Boeing and the Machinists Union, representing 33,000 employees on the West Coast, have reached a tentative agreement that could prevent a planned strike set to begin this Friday, 13 September. This potential deal, which is now subject to approval by the rank-and-file union members, offers a substantial wage increase and enhanced benefits.
The proposed contract includes a 25 per cent wage increase over four years, improved contributions to 401(k) plans, reduced employee healthcare costs, and increased paid time off. This agreement is noted as Boeing’s most significant wage increase for union workers in recent history.
Additionally, the deal promises increased job security by committing to build the next new airplane at one of the unionised plants in the Puget Sound region, which includes several of Boeing’s major facilities.
The contract also covers production workers at Boeing’s commercial jet factories in Seattle and approximately 1,200 employees at a parts plant in Portland, Oregon. Union members are scheduled to vote on the tentative agreement on Thursday and a rejection could lead to a strike, a scenario not seen in Boeing’s labour relations in 16 years.
This development comes amid a challenging period for Boeing, which has faced severe financial strain since the 2019 grounding of its 737 Max aircraft due to safety issues. The company has reported $33.3 billion in core operating losses since the grounding and continues to struggle with debt and quality-control problems.

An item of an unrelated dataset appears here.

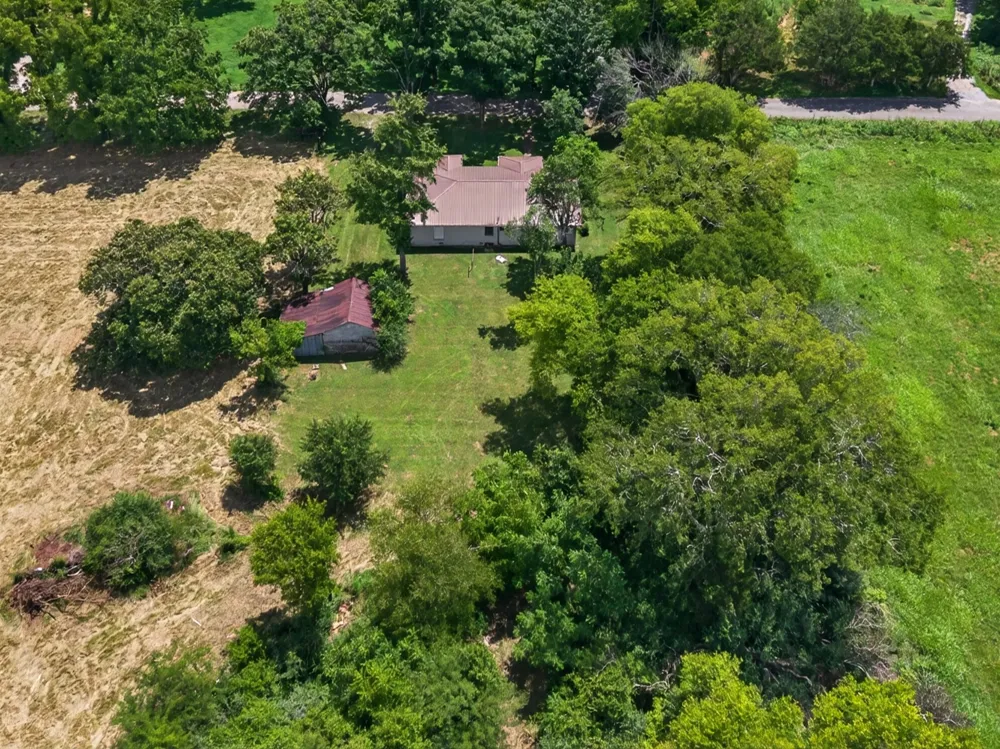 54 Hovis Bend Rd Fayetteville, TN 37334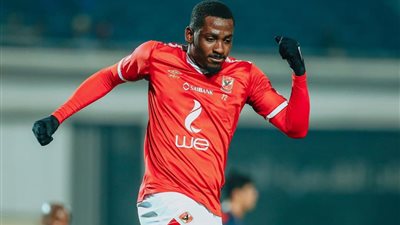 الأهلي يسجل الهدف الثاني في شباك المصري عن طريق أجايي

In light of these issues, Boeing’s leadership had shown a willingness to make significant concessions to avoid a strike. Kelly Ortberg, the company’s new CEO, has expressed a desire to improve relations with the union, signalling a readiness to meet workers’ demands more favourably.
Union leaders have emphasised that the tentative agreement addresses many of their key concerns and is a result of leveraging the company’s difficult financial situation.